Die regulatorische Zusammenarbeit solle zur Schaffung von Wachstum und Jobs beitragen, heißt es im ersten von 16 Artikeln eines vertraulichen vorläufigen Kommissionsvorschlages für das entsprechende Kapitel im TTIP-Vertrag, der der Süddeutschen Zeitung vorliegt. Zunächst hatte die Frankfurter Allgemeine Zeitung über das Papier berichtet. Anliegen wie Umwelt- und Verbraucherschutz müssten berücksichtigt werden, heißt es dort. Es gehe darum, ein "effektives, wettbewerbsfreundliches regulatorisches Umfeld zu schaffen, das transparent und berechenbar für Bürger und Unternehmen ist". Heißt im Klartext: Amerikaner sollen von der EU-Gesetzgebung künftig nicht kalt erwischt werden - und Europäer von der amerikanischen auch nicht.

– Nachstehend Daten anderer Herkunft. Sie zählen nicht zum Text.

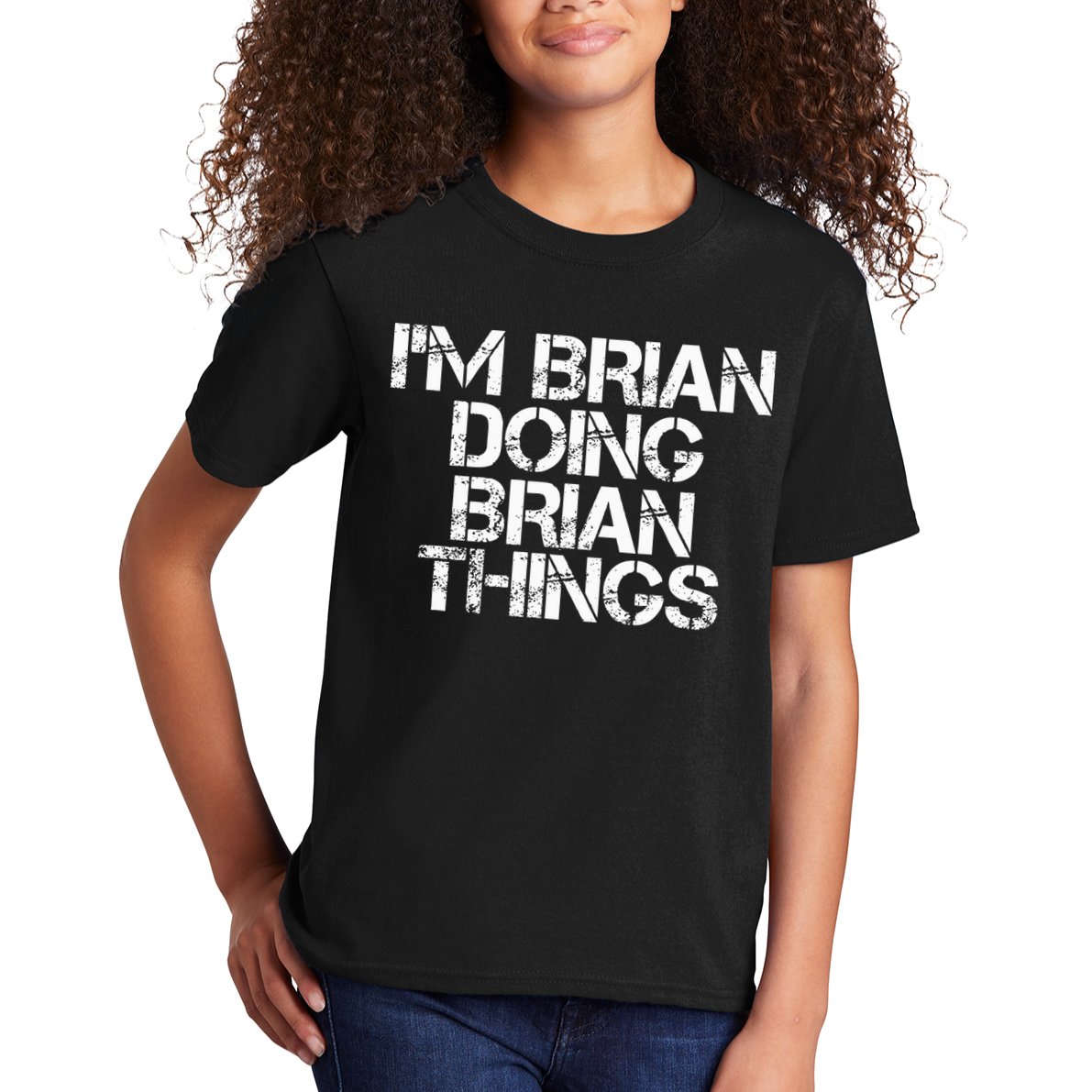 IM Brian Doing Brian Things Funny Christmas Gift Idea Kids T-Shirt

EU und USA wollen von neuen Regeln nicht kalt erwischt werden

In der Praxis soll das zu einer gegenseitigen, institutionalisierten Einflussnahme im Gesetzgebungsverfahren führen. So sollen, wie es der Kommissionsvorschlag in Artikel 5 vorsieht, geplante neue Gesetze und Standards den Partnern möglichst frühzeitig avisiert werden. Einmal im Jahr sollen die Vertragspartner eine Liste der geplanten regulatorischen Vorhaben austauschen. Ein fester Kooperationsmechanismus soll den Informationsaustausch regeln, überdies sollen dafür in der EU-Kommission wie auch der US-Verwaltung Anlaufstellen geschaffen werden, um sich auszutauschen. Das Herzstück der Kooperation soll ein "Regulatory Cooperation Body" bilden, ein Gremium für die regulatorische Zusammenarbeit.

Betroffen wären nicht nur die EU-Ebene und die Bundesebene in den USA. Einen Austausch soll es auch geben können, wenn Gesetze und Bestimmungen von EU-Mitgliedsländern oder US-Staaten "einen erheblichen Einfluss" auf Handel und Investitionen zwischen der EU und den USA erwarten lassen.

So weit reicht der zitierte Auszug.